* **Problem details**
Set down a faithful copy of every record below, with no images.
━━━━━━━━━━━━━━━━
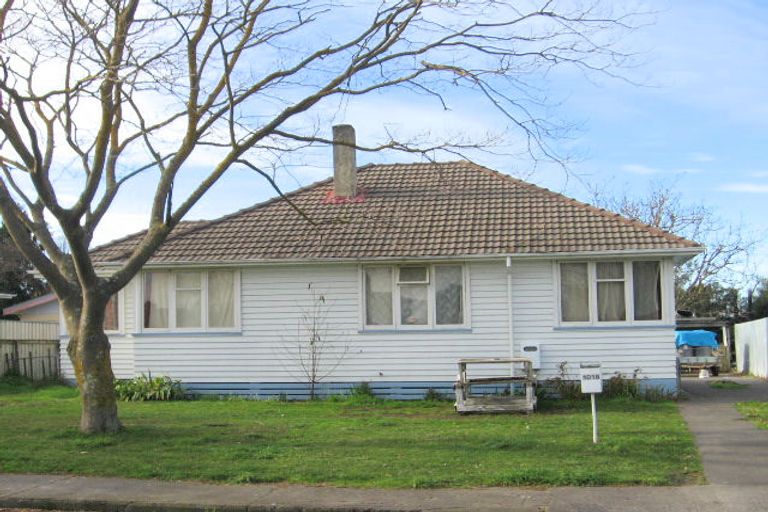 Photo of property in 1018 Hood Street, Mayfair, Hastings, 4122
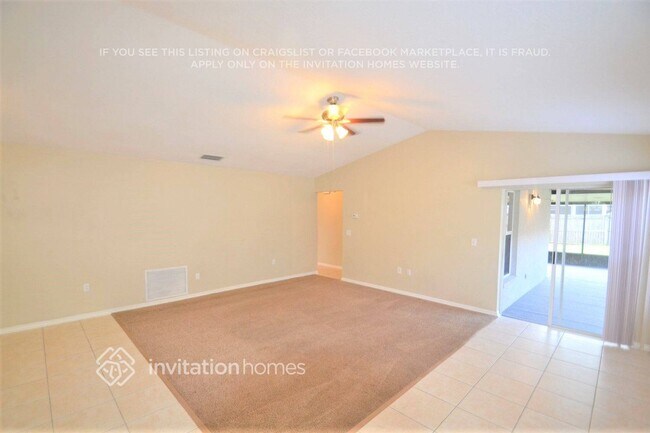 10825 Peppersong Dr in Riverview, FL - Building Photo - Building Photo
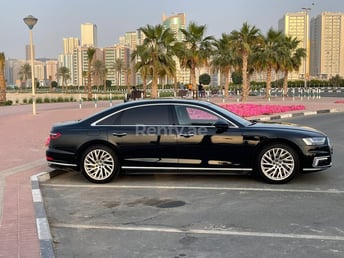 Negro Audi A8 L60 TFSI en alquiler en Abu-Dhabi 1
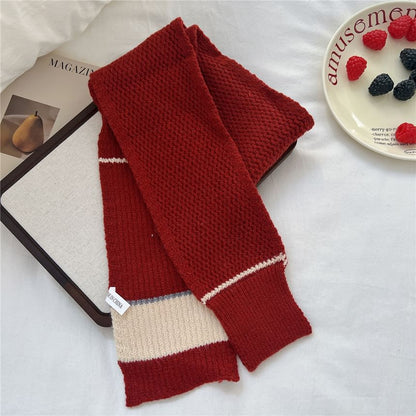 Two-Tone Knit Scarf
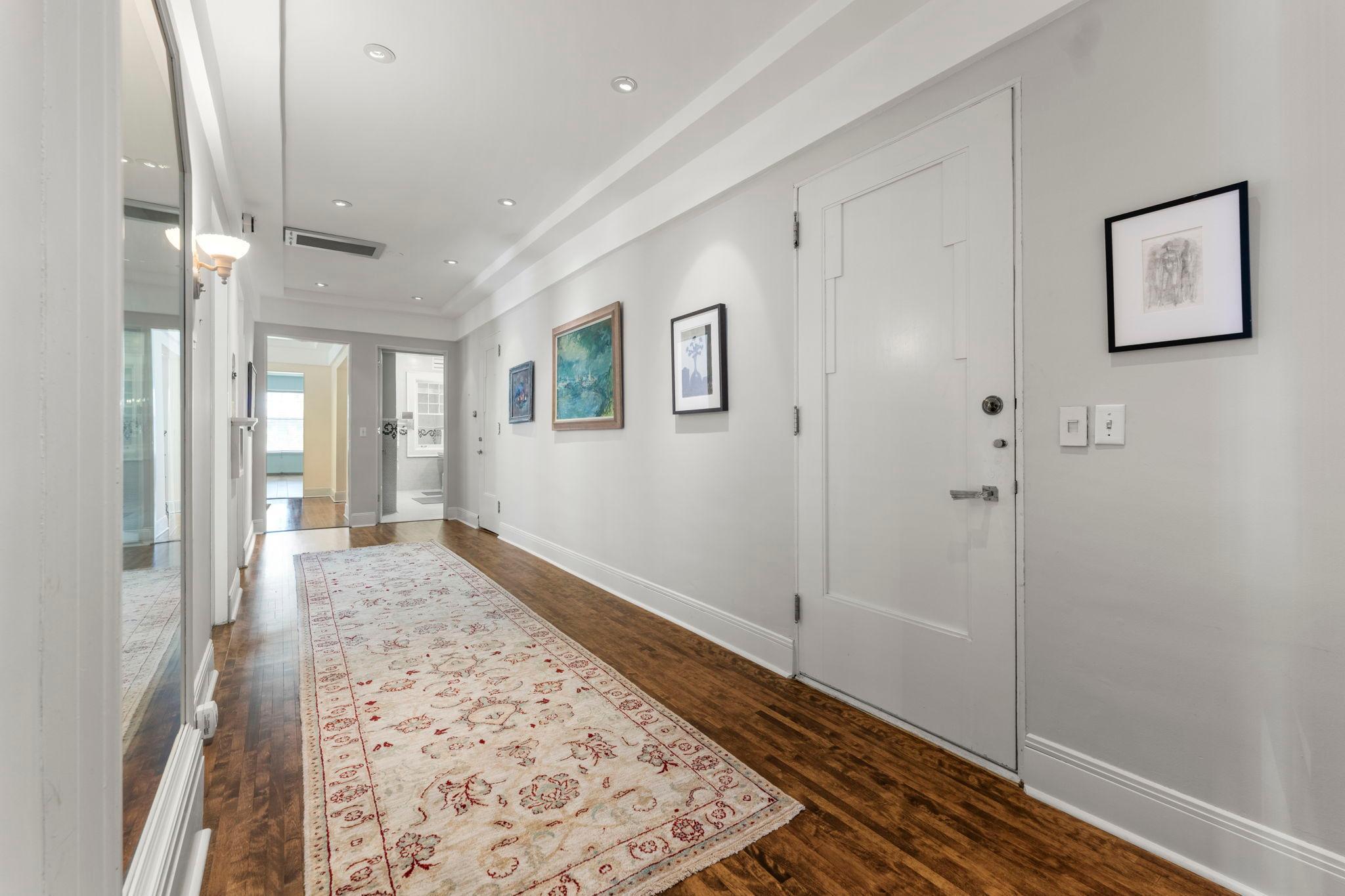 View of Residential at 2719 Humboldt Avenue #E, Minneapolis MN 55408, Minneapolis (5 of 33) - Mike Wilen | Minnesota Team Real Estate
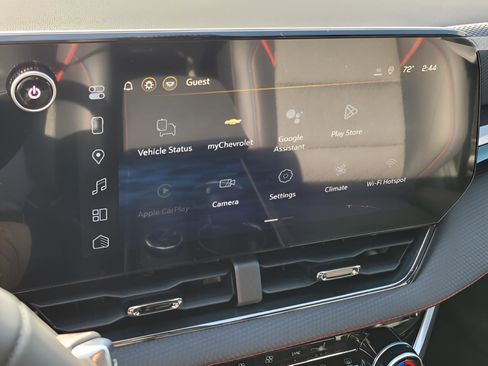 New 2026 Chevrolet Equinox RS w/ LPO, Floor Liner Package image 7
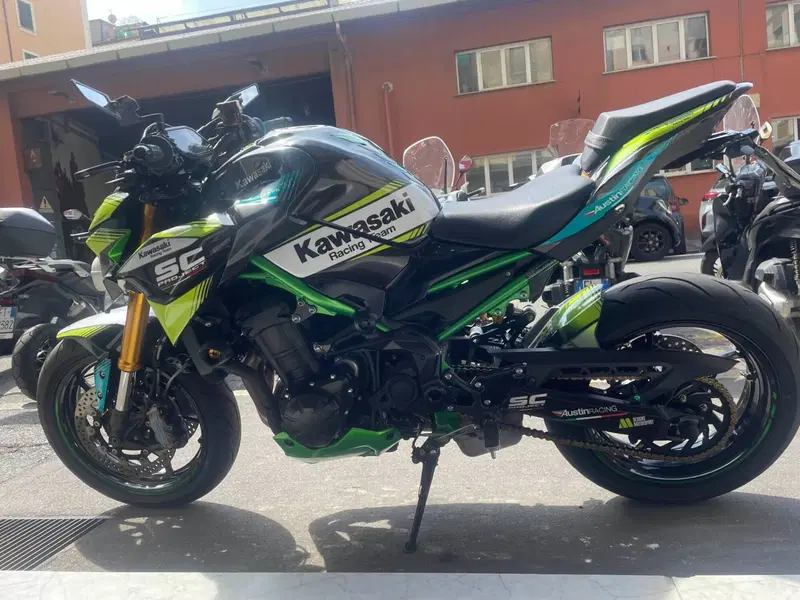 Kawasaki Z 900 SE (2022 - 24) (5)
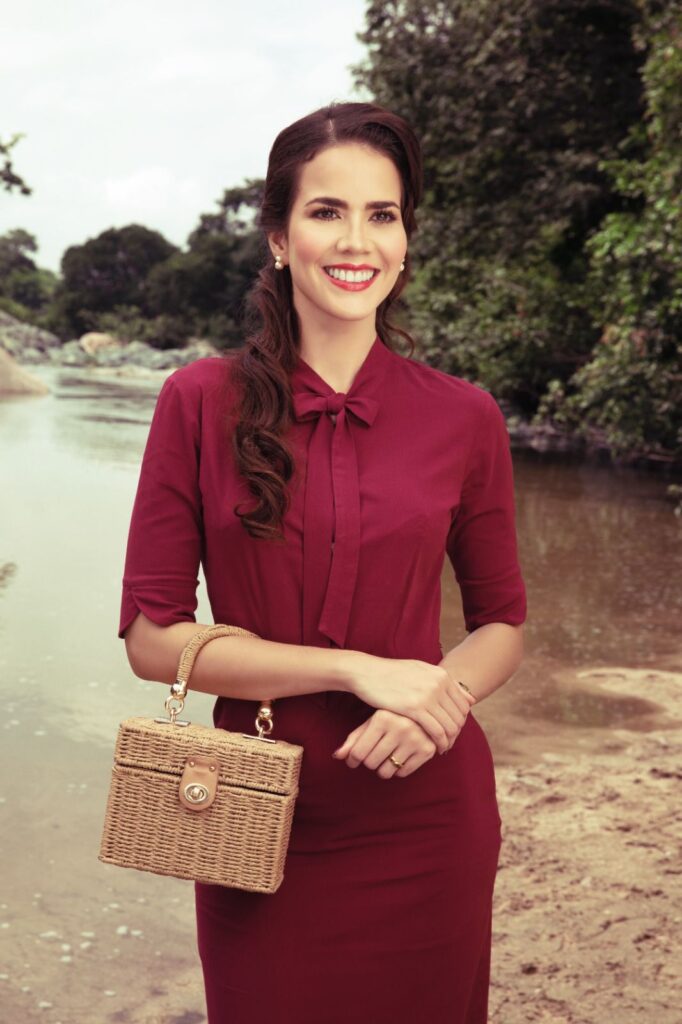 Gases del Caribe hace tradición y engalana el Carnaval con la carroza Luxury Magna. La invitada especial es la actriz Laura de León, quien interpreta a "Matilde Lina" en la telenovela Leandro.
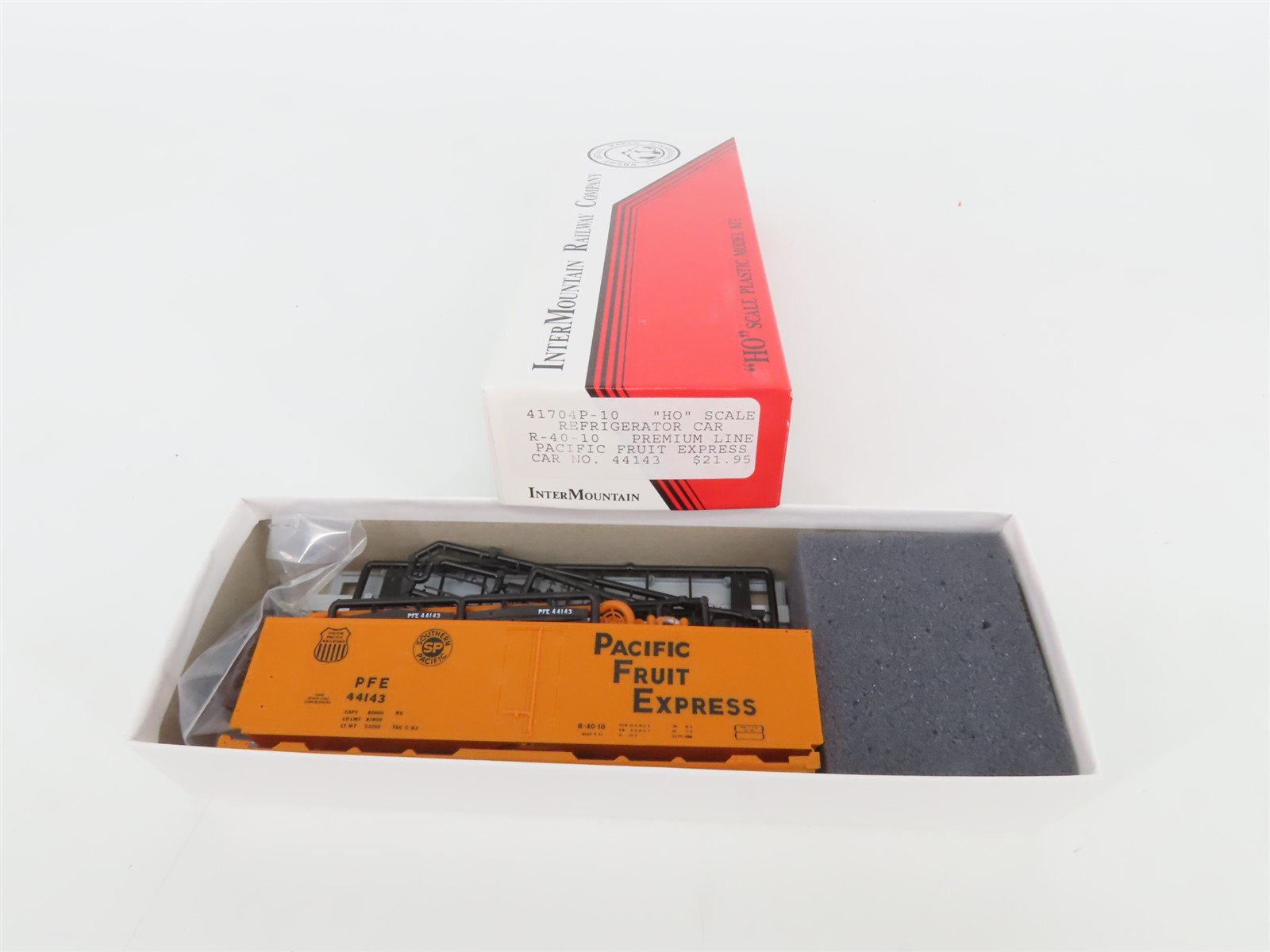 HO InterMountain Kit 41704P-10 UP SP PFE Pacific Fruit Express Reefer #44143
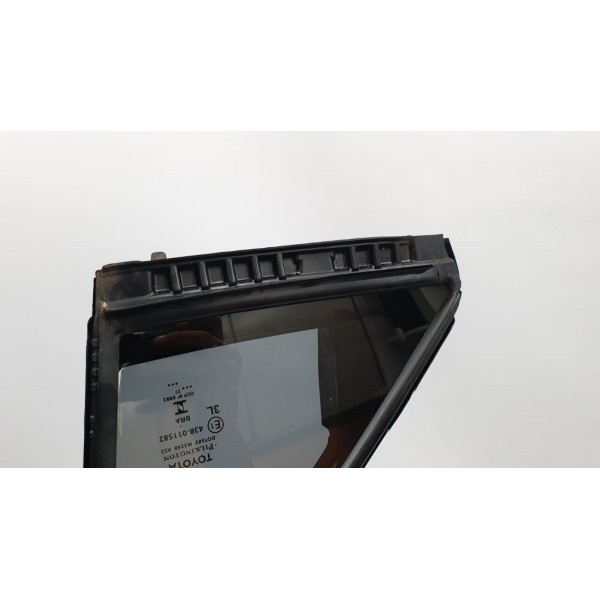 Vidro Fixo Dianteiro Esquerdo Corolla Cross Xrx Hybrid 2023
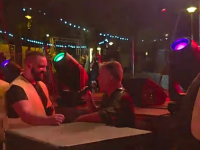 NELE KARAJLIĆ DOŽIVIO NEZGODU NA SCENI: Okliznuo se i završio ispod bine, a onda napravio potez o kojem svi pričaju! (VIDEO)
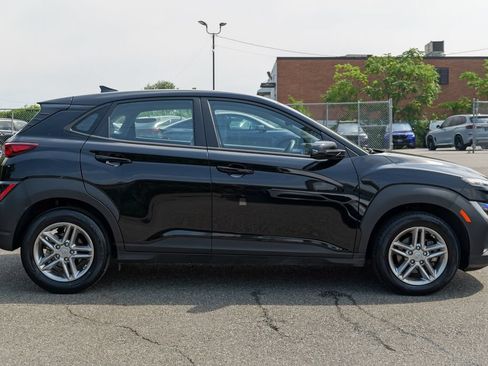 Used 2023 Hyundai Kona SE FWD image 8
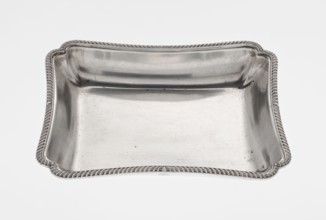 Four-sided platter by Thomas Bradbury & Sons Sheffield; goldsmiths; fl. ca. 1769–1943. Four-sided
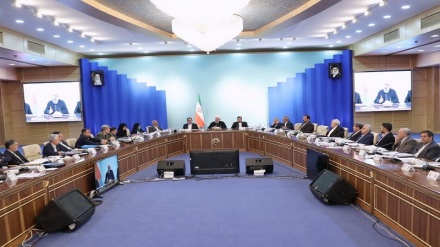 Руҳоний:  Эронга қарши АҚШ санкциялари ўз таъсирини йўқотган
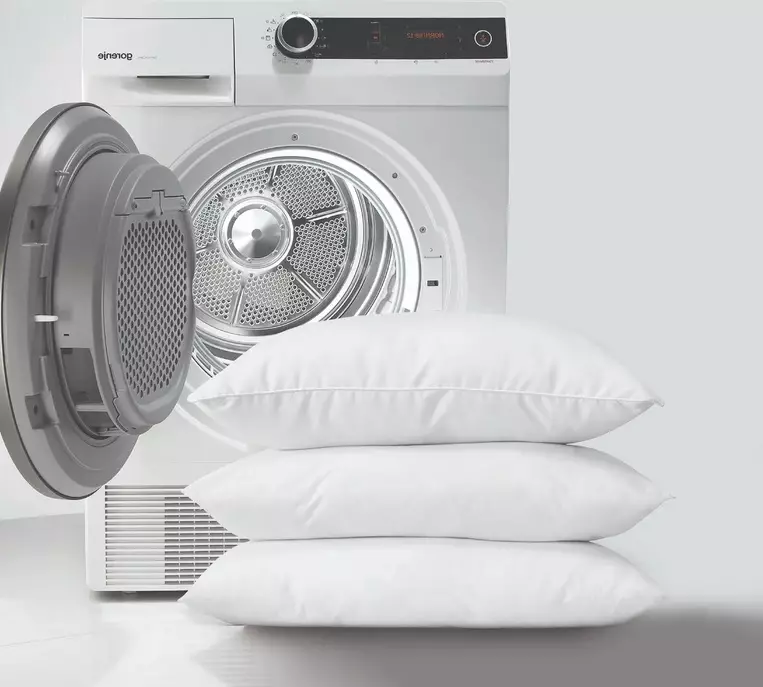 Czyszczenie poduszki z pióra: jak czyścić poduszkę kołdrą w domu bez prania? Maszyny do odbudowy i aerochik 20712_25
━━━━━━━━━━━━━━━━
* **Expected answer**
 Photo of property in 1018 Hood Street, Mayfair, Hastings, 4122
 10825 Peppersong Dr in Riverview, FL - Building Photo - Building Photo
 Negro Audi A8 L60 TFSI en alquiler en Abu-Dhabi 1
 Two-Tone Knit Scarf
 View of Residential at 2719 Humboldt Avenue #E, Minneapolis MN 55408, Minneapolis (5 of 33) - Mike Wilen | Minnesota Team Real Estate
 New 2026 Chevrolet Equinox RS w/ LPO, Floor Liner Package image 7
 Kawasaki Z 900 SE (2022 - 24) (5)
 Gases del Caribe hace tradición y engalana el Carnaval con la carroza Luxury Magna. La invitada especial es la actriz Laura de León, quien interpreta a "Matilde Lina" en la telenovela Leandro.
 HO InterMountain Kit 41704P-10 UP SP PFE Pacific Fruit Express Reefer #44143
 Vidro Fixo Dianteiro Esquerdo Corolla Cross Xrx Hybrid 2023
 NELE KARAJLIĆ DOŽIVIO NEZGODU NA SCENI: Okliznuo se i završio ispod bine, a onda napravio potez o kojem svi pričaju! (VIDEO)
 Used 2023 Hyundai Kona SE FWD image 8
 Four-sided platter by Thomas Bradbury & Sons Sheffield; goldsmiths; fl. ca. 1769–1943. Four-sided
 Руҳоний:  Эронга қарши АҚШ санкциялари ўз таъсирини йўқотган
 Czyszczenie poduszki z pióra: jak czyścić poduszkę kołdrą w domu bez prania? Maszyny do odbudowy i aerochik 20712_25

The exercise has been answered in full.